Kami sendiri sebenarnya bukan seorang ahli dalam bidang komputer. Namun karena terpaksa, akhirnya kami mempelajari komputer itu dengan sungguh-sungguh.
Pernah suatu saat saya mencoba memasukkan disket ke dalam komputer, namun berkali-kali gagal. Akhirnya saya coba bertanya kesana-kemari, alhamdulillah saya mendapat jawaban bahwa disket itu harus di-format dulu baru bisa dipakai.
Karena terpaksa, untuk menyelesaikan tugas pondok, akhirnya jadi bisa.

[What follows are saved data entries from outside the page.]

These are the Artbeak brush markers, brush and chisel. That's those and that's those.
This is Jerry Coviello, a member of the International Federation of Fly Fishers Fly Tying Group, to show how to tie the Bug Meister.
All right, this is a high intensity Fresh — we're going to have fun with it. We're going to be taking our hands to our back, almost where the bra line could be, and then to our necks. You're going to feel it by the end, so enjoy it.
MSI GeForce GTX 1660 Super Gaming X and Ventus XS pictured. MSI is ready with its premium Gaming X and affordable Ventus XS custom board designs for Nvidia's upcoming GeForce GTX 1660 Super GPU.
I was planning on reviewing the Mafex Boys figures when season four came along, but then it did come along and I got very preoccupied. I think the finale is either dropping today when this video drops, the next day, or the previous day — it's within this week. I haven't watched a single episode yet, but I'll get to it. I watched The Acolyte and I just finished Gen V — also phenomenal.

Karena melihat manfaat yang bisa didapat dari komputer sangat luas, kami sempat berinisiatif untuk mengajukan pembelian komputer kepada pimpinan pondok. Namun sayang, pengajuan itu selalu ditolak. Sepertinya Pimpinan menguji kami untuk menguasai komputer lebih dalam lagi sebelum membeli tambahan komputer.

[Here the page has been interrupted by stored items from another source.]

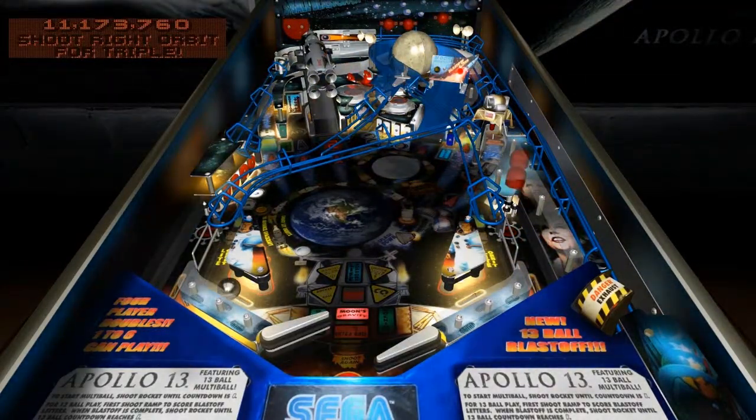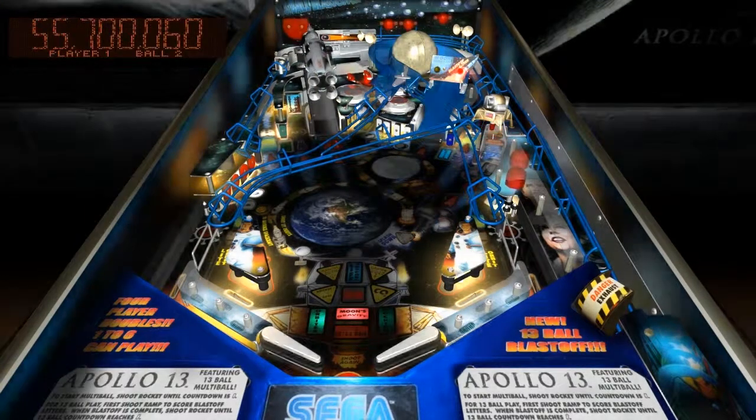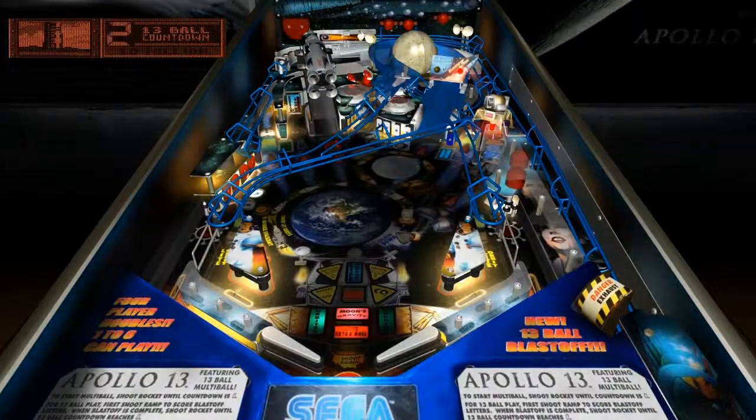Odyssey, you're around the boat, don't give up Odyssey. You have a flight plan up there. Set it up again. We're coming. Go! Now, we're gonna fly.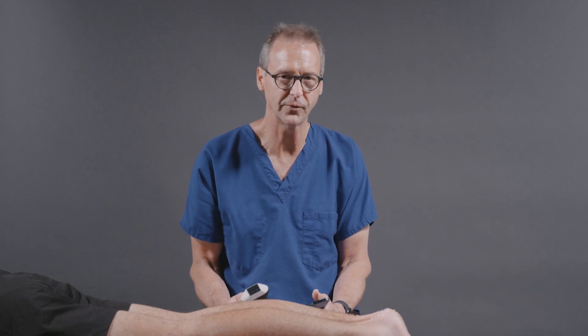It really doesn't take a lot of time to do this examination, and you really don't need to do much in the way of other types of imaging. If you discover the injury, you can go ahead and immobilize the foot and ankle and refer the patient to orthopedics for a repair.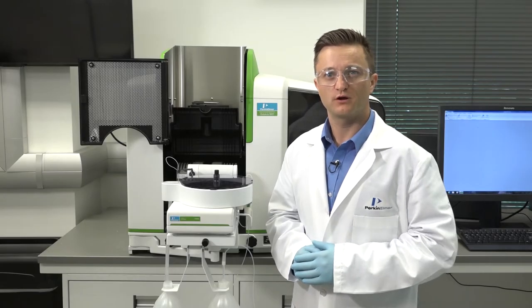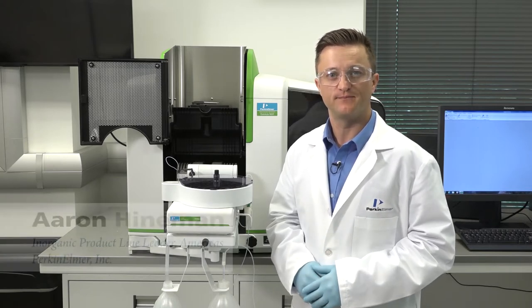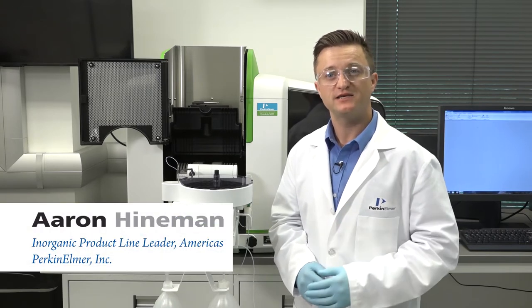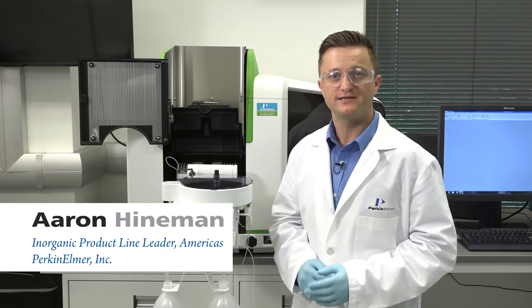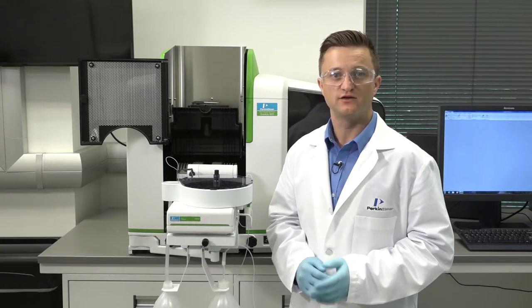Hi, welcome to a brief PerkinElmer video on maintaining your high performance Pinnacle AA system. I'm Aaron Heineman and in this video I will demonstrate how easy it is to change the graphite tube in your Pinnacle AA THGA instrument.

Kisah selanjutnya, membeli 10 komputer berikutnya.
Setelah rentang waktu cukup panjang, suatu hari Ustadz Syukri memanggil kami dan berkata, “Sekarang kamu pergi beli 10 komputer dan sebuah AC!”

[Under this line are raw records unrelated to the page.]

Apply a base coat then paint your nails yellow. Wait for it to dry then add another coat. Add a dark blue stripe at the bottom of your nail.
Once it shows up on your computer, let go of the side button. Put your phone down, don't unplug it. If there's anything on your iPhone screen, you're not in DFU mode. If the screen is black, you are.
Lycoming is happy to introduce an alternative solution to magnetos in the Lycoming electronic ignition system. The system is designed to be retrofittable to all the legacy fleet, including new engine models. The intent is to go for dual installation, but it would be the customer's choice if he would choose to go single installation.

Kami begitu senang dengan instruksi itu. Tanpa pikir panjang, tidak selang berapa lama kami berangkat ke Surabaya untuk membeli apa yang beliau instruksikan tersebut.
Setelah membeli, kami baru berpikir, “Bagaimana cara membawa komputer yang sekian banyak ini? Belum lagi AC-nya yang kapasitas 2 PK?!”
Kami belum berpikir tentang travel ataupun metode pengiriman lainnya waktu itu. Jadi satu-satunya yang ada dalam pikiran kami adalah membawa semua komputer dan AC itu dengan bus. Bisa dibayangkan betapa besarnya monitor komputer pada saat itu.
Akhirnya kami tidak bisa membawa peralatan itu sekali jalan.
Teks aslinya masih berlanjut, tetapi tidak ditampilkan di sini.